Drawbacks of the Closed-Form Equation¶
While the closed-form solution (also known as the normal equation) provides an exact answer to the linear regression problem, it comes with several important drawbacks that make it less ideal in many real-world scenarios:
1. Poor Scalability with Large Datasets:
The closed-form approach involves computing the inverse of $ X^T X $, which has a time complexity of O(n³) (where n is the number of features). This becomes computationally expensive and inefficient as the dataset grows, making it unsuitable for high-dimensional or large-scale data.
2. Inversion Issues with Singular Matrices:
If $ X^T X $ is singular or nearly singular—often caused by multicollinearity (highly correlated features) or having more features than samples—the matrix cannot be inverted, causing the closed-form solution to break down.

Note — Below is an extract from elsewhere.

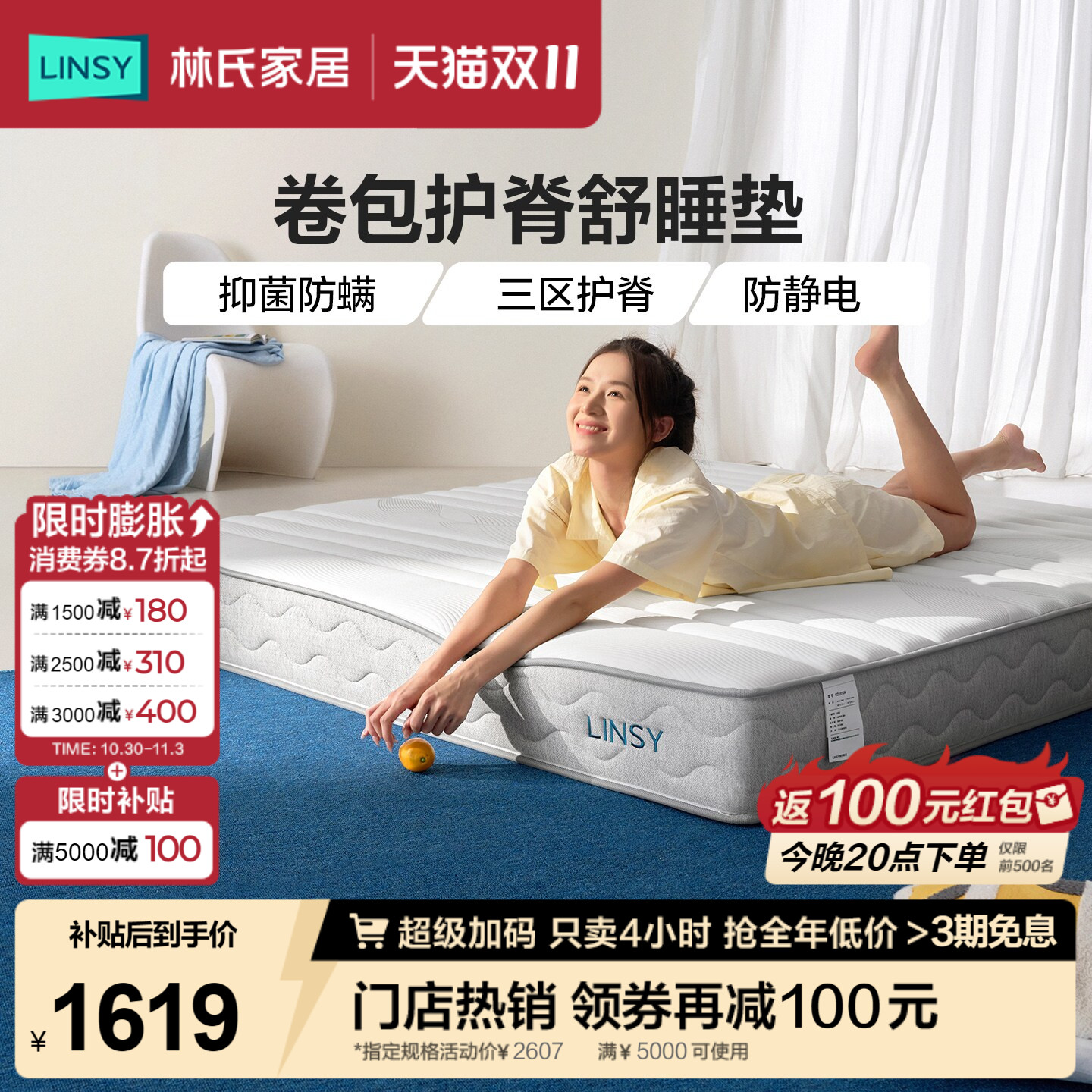 林氏家居卷包独立弹簧床垫护脊家用卧室双人床垫林氏木业CDE610A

3. No Built-in Regularization:
Unlike techniques such as Ridge or Lasso regression, the closed-form method does not include any form of regularization. As a result, it may overfit the training data, leading to poor performance on unseen data.
4. Memory Intensive:
The process of calculating and storing large matrices, especially for datasets with many features, can be very memory-demanding. On typical machines, this could lead to slow performance or memory errors.
5. Numerical Instability:
Computing the inverse of a matrix can introduce floating-point precision errors, particularly if the matrix is ill-conditioned. This can result in unreliable or unstable predictions.